PERG. "Frauen, die nichts fordern, werden beim Wort genommen. Sie bekommen nichts." Dieses bekannte Zitat der Frauenrechtlerin Simone de Beauvoir war auf einem Schild zu lesen. Die Frauenberatung Perg hatte am Donnerstag der Vorwoche zum 1. Speakers' Corner geladen. Es ging darum, öffentlich die Stimme zu erheben. Rund 40 Frauen kamen zur Veranstaltung am Hauptplatz.

"Vieles hat sich nicht so entwickelt"

 "Vor 20 Jahren wurde die Frauenberatung Perg gegründet. Und viele Dinge haben sich nicht so entwickelt, wie wir es gerne hätten. Damals waren Gewalt in Partnerschaften und finanzielle Sorgen vorrangig. Daran hat sich nicht wirklich etwas geändert", sagte Gertraud Jahn, Vorsitzende der Frauenberatung Perg. Das könne sich nur ändern, wenn Frauen finanziell unabhängig vom Partner werden. Sie brachte drei Forderungen: 1. Ausreichend Kinderbildungseinrichtungen, 2. "Halbe/Halbe" - also gerechte Aufteilung unbezahlter Arbeit, 3. Verkürzungen der Arbeitszeiten. Zum letzten Punkt merkte sie an: "Das wäre für die Gleichberechtigung der Frauen der entscheidende Punkt."

Frauen und die Arbeitswelt

Barbara Spreitzer, Leiterin des Frauenberufszentrums Perg, meinte: "Wir haben viel erreicht, sind aber noch nicht bei der Gleichberechtigung." Was es brauche: Kinderbetreuungseinrichtungen, die zu den Lebenskonzepten passen.
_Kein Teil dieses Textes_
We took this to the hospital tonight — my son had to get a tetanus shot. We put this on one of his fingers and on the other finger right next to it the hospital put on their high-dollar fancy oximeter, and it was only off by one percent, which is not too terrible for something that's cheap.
Neue, flexible Arbeitszeitmodelle, etwa Job-Sharing, Arbeitszeitverkürzung, ortsunabhängiges Arbeiten. Teilzeitarbeit werde oft als Lifestyle dargestellt, es sei aber oft ein Kompromiss, wegen Familie, Betreuungspflichten. Und das auf Kosten der finanziellen Absicherung, die für sie aber zum Wohlbefinden gehöre. Wichtig sei, dass der Beruf Freude mache und realistisch umsetzbar sei. Ein großer Faktor im Berufsleben seien Kompetenzen und Digitalisierung. Die KI werde die "Berufswelt vollkommen ändern". Frauen sollten über ihre Stärken Bescheid wissen und diese authentisch zeigen. Auch Netzwerke und Austausch mit anderen Frauen sei wichtig.
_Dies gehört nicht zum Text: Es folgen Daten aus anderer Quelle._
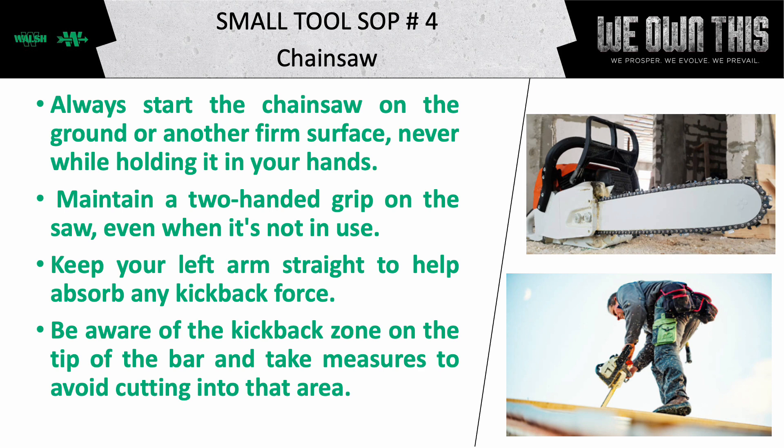Always start the chainsaw on the ground or another firm surface, never while holding it in your hands. Maintain a two-handed grip on the saw, even when it's not in use. Keep your left arm straight to help absorb any kickback force. Be aware of the kickback zone on the tip of the bar and take measures to avoid cutting with that area.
Nachdenkliche Wortmeldungen

Gabriele Schauer, Heidi Wabro und Barbara Kaiselgruber von der Frauenberatung Perg trugen Aussagen von Frauen vor, die sie immer wieder hören und die nachdenklich stimmten. Es ging dabei um finanzielle Probleme und Belastungen in Beziehungen. Die Grünen Lokalpolitikerinnen Helga Davy und Martina Eigner lasen den Text einer jungen Frau vor, in dem es um bestehende Missstände in der Gesellschaft und Forderungen ging. Die Rede war unter anderem davon, "das Tabu des Schweigens zu brechen".

Poetry-Slam gegen das Patriarchat

Marie-Luise Streifert meldete sich mit einem Poetry-Slam-Beitrag zu Wort. Sie schreibt Texte über Gleichberechtigung und Feminismus. Sie sprach unter anderem von Netzwerken sowie Mut und fragte sich, wann Männer gegen das Patriarchat aufstehen. Außerdem wies sie auf die Bedeutung des Gewaltpräventionsprojekt "StoP" hin.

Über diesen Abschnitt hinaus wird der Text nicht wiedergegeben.